• 11 juillet 2020

Dialogue mondial pour un autre monde

Entretien avec Tatyana Valovaya, Directeur général de l’ONU à Genève

Q. Vous êtes la première femme Directrice de l’ONU à Genève. Vous avez été longtemps journaliste, vous avez travaillé en qualité de diplomate à la mission russe auprès de l’Union Européenne, vous êtes économiste et vous avez occupé plusieurs postes de responsabilité. On peut dire que votre carrière vous a préparé pour la fonction de Directeur général de l’ONU.

R. Probablement vous avez raison autrement ma candidature, et je suis très fière, n’aurait pas été choisie par le Secrétaire Général de l’ONU. J’ai à mon actif l’expérience diplomatique et économique, ainsi que dans la fonction publique. Pendant 12 ans j’ai été Directrice du Département de la coopération internationale du gouvernement fédéral. Les derniers 8 ans en tant que Ministre chargée de l’intégration et de la macroéconomie à la Commission économique eurasienne, l’organe exécutif de l’Union économique eurasienne, j’ai beaucoup travaillé avec la Commission économique pour l’Europe, la Conférence des Nations unies sur le commerce et le développement et d’autres organismes du système des Nations Unies.

Q. Nous vivons une époque, enfin, pourrait-on dire, très propice aux femmes et cela dans tous les domaines – de la culture à la politique et jusqu’à la finance. Il est intéressant de noter que pour la première fois la Commission et la Banque centrale européennes sont dirigées par des femmes. Pour la première fois également le CERN (Centre européen pour la recherche nucléaire) est dirigé depuis 2016 par une femme – Fabiola Gianotii, qui vient d’être confirmée pour un deuxième mandat, ce qui est aussi une première. Cette année aussi la Moldavie, et nous en sommes très fières, avait été dirigée par une femme premier ministre. Vous êtes la toute première DG de l’office de l’ONU à Genève. Comment voyez vous cette période de promotion des femmes et cette liberté accordée à celles qui la méritaient depuis très longtemps ?

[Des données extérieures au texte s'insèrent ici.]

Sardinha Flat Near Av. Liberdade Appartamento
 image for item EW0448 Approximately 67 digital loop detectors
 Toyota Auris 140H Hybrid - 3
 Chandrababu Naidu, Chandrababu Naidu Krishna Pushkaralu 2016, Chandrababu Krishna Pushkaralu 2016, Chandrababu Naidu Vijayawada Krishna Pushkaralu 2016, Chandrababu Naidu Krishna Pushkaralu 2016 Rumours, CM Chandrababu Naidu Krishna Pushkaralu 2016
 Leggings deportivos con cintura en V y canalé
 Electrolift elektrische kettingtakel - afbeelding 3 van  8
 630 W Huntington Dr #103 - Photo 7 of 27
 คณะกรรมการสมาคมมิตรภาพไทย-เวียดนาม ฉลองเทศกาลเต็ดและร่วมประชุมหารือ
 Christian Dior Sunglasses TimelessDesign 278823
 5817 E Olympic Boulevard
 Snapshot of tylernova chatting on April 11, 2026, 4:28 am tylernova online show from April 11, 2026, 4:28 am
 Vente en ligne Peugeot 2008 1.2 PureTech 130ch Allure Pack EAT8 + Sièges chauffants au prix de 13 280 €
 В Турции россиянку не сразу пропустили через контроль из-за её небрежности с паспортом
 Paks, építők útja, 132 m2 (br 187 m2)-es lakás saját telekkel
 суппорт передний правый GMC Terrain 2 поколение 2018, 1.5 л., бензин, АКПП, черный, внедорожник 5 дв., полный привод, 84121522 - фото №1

R. D’abord je me permets une précision. En Moldavie la toute première Première Ministre a été Mme Zinaida Grecianii en 2008, si je ne me trompe pas. Votre pays a été parmi les premiers dans la région dans ce domaine. Oui, il y a plus de femmes aujourd’hui à des hautes fonctions. Je crois que nous pouvons l’expliquer par le travail insistants qui a été fait dans tous les pays mais aussi par l’ONU. En 2020 nous allons marquer les 25 ans depuis la Déclaration de Pékin sur les droits de femmes. Certes dans les Universités le nombre des filles étudiantes est plus grand que celui des garçons, mais un peu plus tard aux postes de responsabilités il y a plus d’hommes que des femmes. Il est nécessaire de souligner que ces femmes, dont vous avez parlé, elles sont arrivées à ces fonctions parce qu’elles sont des femmes compétentes dans leurs domaines. Promouvoir les femmes cela ne veut pas dire discriminer les hommes. Il est important de voir et promouvoir les compétences des femmes et des hommes sans discrimination aucune.

Q. L’ONU ne devrait-elle être un exemple d’égalité et de respect des valeurs universelles? Je pense ici aux six langues officielles et deux langues de travail. Nous savons que cette règle n’est pas toujours respectée. Quand il faut faire des économies, souvent cela commence dans les services de traduction. Il y a aussi des fonctionnaires qui ne parlent qu’une seule langue, lorsque leur langue maternelle est l’anglais. Pensez-vous pouvoir faire quelque chose pour améliorer cette situation et assurer davantage d’égalité entre les fonctionnaires et les Etats-membres ?

R. Notre organisation doit être l’exemple dans tous les domaines. A l’ONU pour les événements officiels la traduction est assurée dans les six langues. Pour les rencontres de travail les organisations choisissent les langues de travail et cela dans différents formats: anglais-français-espagnole ou russe-anglais-chinois et encore d’autres. Comme vous le savez nous sommes actuellement en crise financière qui nous oblige à arrêter certains ascenseurs ou à limiter des traductions. A Genève, la plupart de nos fonctionnaires parlent les deux langues et les utilisent quotidiennement. En plus il y a beaucoup des cours pour apprendre les langues officielles de l’ONU. Moi-même je prends des cours de français, parce que j’estime que mon français n’est pas assez bon pour parler devant un public francophone. Avec notre exemple on doit montrer le respect d’autres langues.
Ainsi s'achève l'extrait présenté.